シニアツアーのデビュー戦となった2023年大会で、シニアプロゴルファー日本一に輝いた愛称“タマちゃん”のタマヌーン・スリロット(タイ)。20年にPGAトーナメントプレイヤーの資格を得るも、新型コロナウィルスの影響で日本で戦うことができなかったが、念願の日本ツアー初出場で公式戦Vを飾った。
連覇がかかるスリロットだが、本人は意識せずに自身が発揮できるパフォーマンスに集中していくようだ。「昨年は初出場でチャンピオンになったということですけど、それは意識せずに。今回もチャンピオンは追いますけど、力まずにいつものプレーを心がけたいです」。というのも、前戦の「日本シニアオープン」でラフが約25センチと長く、ボールがしっかり埋まってしまうほど深かった。ラフに入れば出すことだけでせいいっぱい。その影響で「ちょっと痛めている。その辺も含めて安全運転で行きたい」と痛めてしまった右ヒジもあり、「なるべく安全なプレー」を意識して、まずは予選通過を目指している。

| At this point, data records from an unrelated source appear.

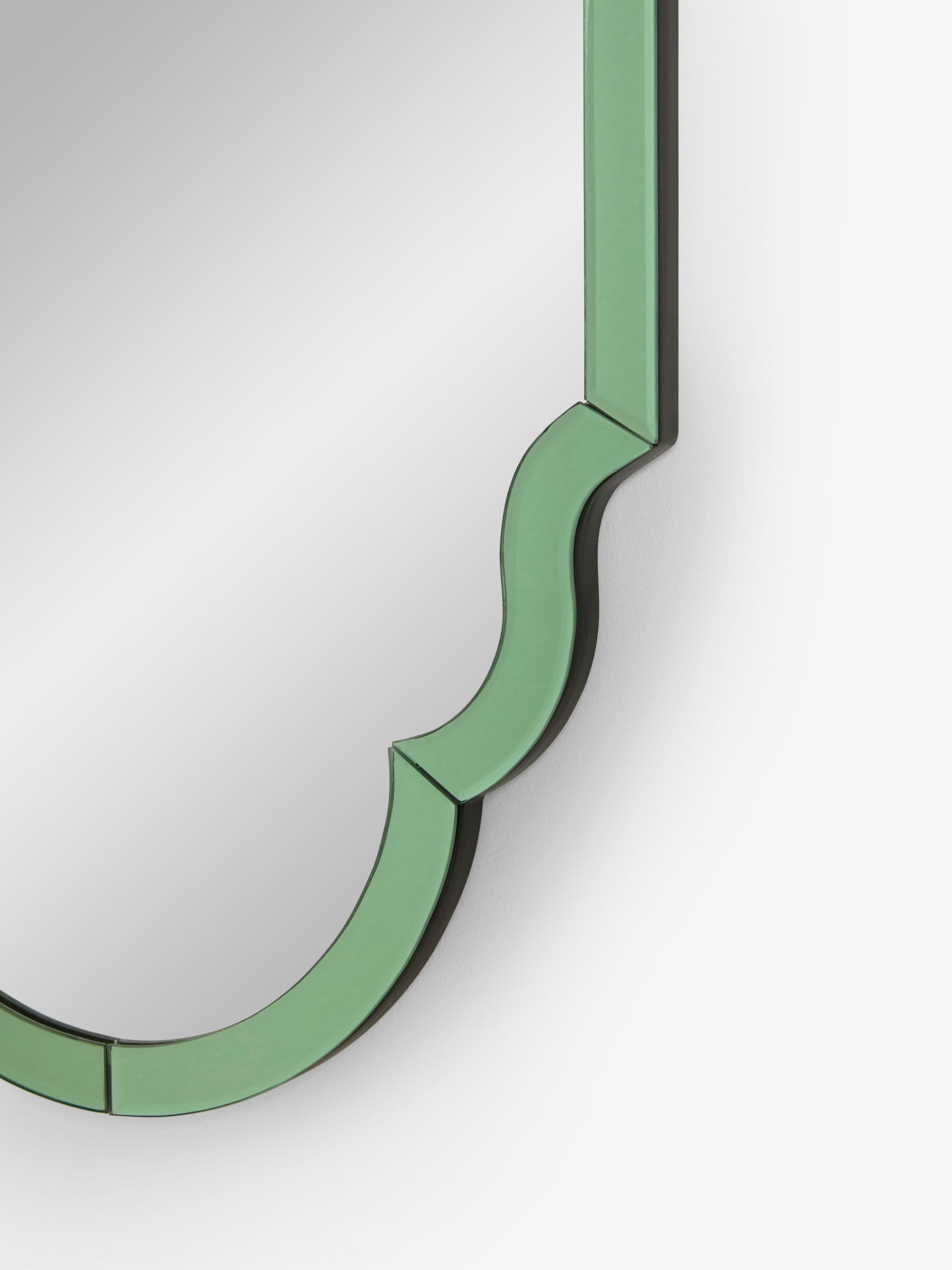 Clarke & Clarke green wobble glass mirror 90x40cm, UK version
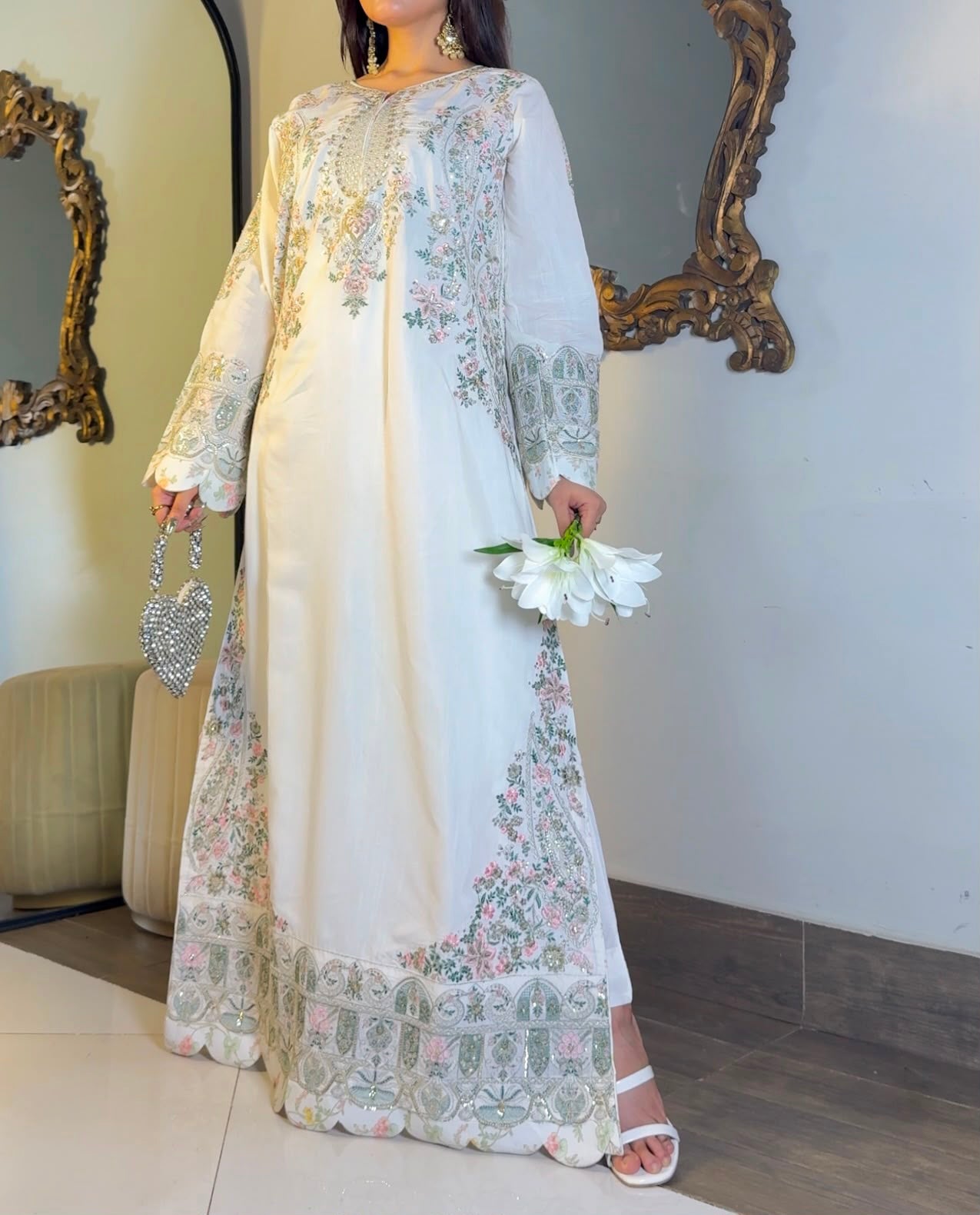 HEAVY EMBROIDERED VISCOSE KAFTAN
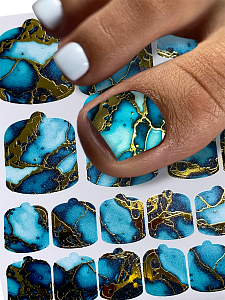 Anna Tkacheva, наклейки пленки для педикюра с фольгой VIP-035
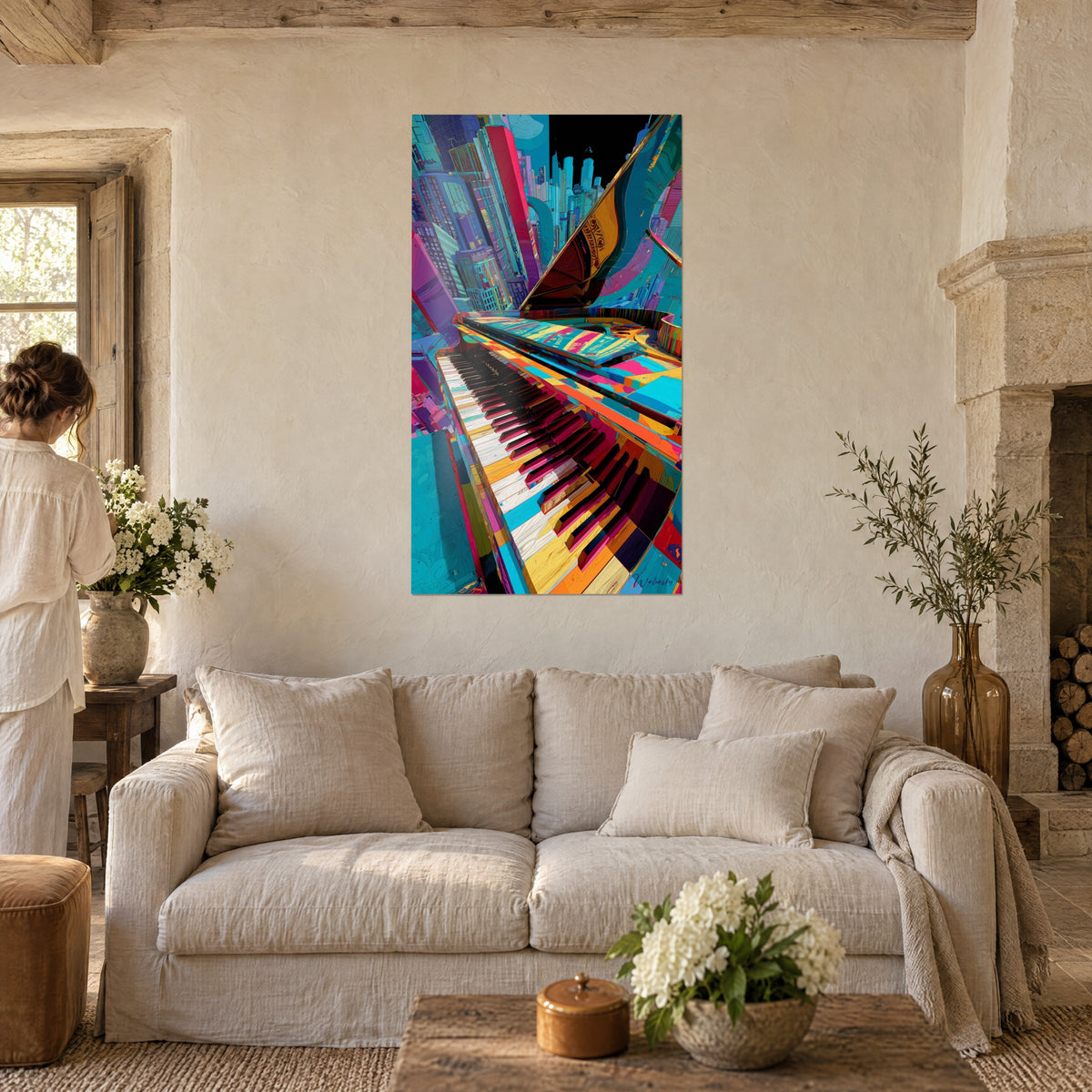 Wall art multicolored grand piano diving into turquoise and magenta skyscrapers, above a sofa in a bright living room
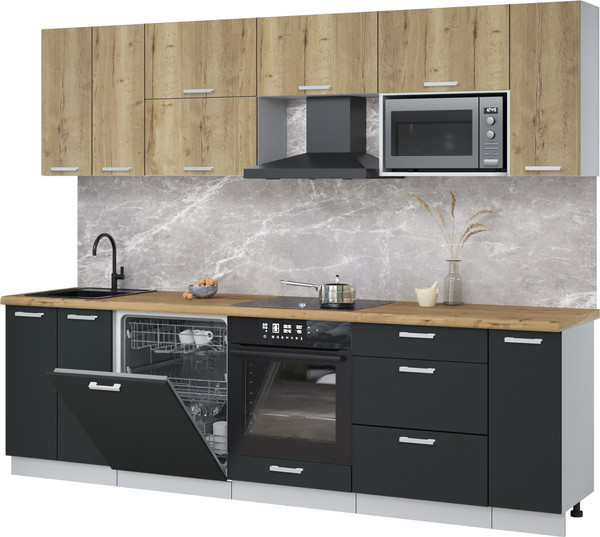 Кухонный гарнитур Интерлиния Мила Лайт 2.7-ПМ2 - фото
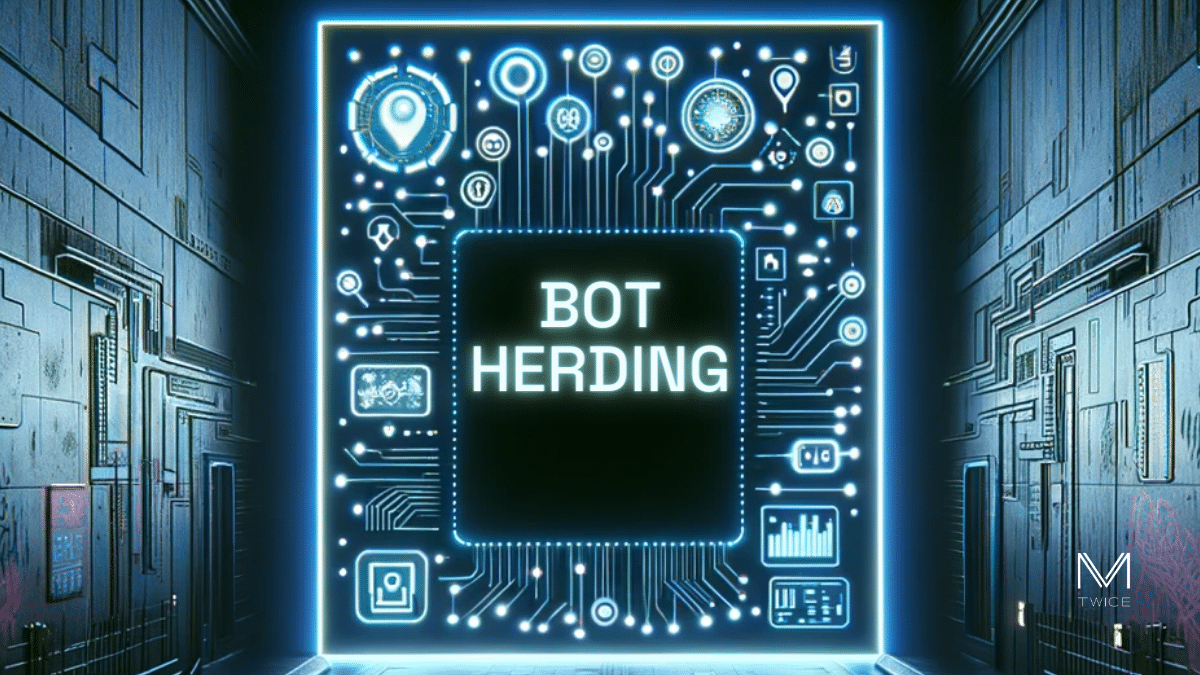 Définition bot herding - Ruelle en cul de sac cyberpunk avec motifs en néon relatifs au bot herding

04年はレギュラーツアーに出場しており、“日本が好き”という思いから、シニアになっても日本で戦う願望をもっていた。念願の日本シニアツアーのデビュー戦で初優勝を飾り、3年間のシードを獲得。スリロットにとって大きな一歩となったのが昨年大会である。初シード選手として迎えた今シーズンは7試合中トップ10入りが4回、今季初メジャーでは右ヒジの痛みもありながらも4位タイで終えている。しかし、「今年の前半は少し思うようにスコアは出なかった」と納得はいっていない。それでも「それも1歩1歩じゃないですか。慌てることなく3年を有効に使いたい」と前向きに捉えている。
今大会の会場はシニア世代が親しみをもつウルトラマンの巨大フィギュアや、プロアマ戦の2日間は父、母ら4体のウルトラマンファミリーが姿を現した。「タイでもテレビとか映画でやっていたので、馴染みはあります」とウルトラマンを発見すると記念撮影をし楽しむスリロットの姿があった。「空いた時間はウルトラマンに接することができて、ある意味“エンジョイ”しながら挑めるんじゃないかなと思います」とメジャーではあるが、幼いころにテレビで見ていた“正義の味方”にテンションが上がっていた。
今年は本格的に日本のシニアツアーで戦うのは1年目。「プレイヤーのひともギャラリーの人も非常に親切にしてくれるので、トーナメントも楽しくプレーさせていただいています。ホテルも過ごしやすいし、食事も日本食が好きだから生活は満足している」。母国のタイの試合では、日本ほどギャラリーがいないこともあり歓声や拍手はスリロットのパワーとなっている。ちなみに日本食では「かつ丼」が一番好きな食べ物と満面な笑みで話していた。
「ギャラリーにプレーで楽しんでいただけるように一生懸命やります」。大好きな日本の地で、また日本のギャラリーから大きな歓声を浴びるためにも、自身がスタートを切った思い入れのある大会で今季1勝目を掴みたい。そのためにも、この日は右ヒジの悪化を防ぐためにアプローチとパッティングの練習で会場をあとにした。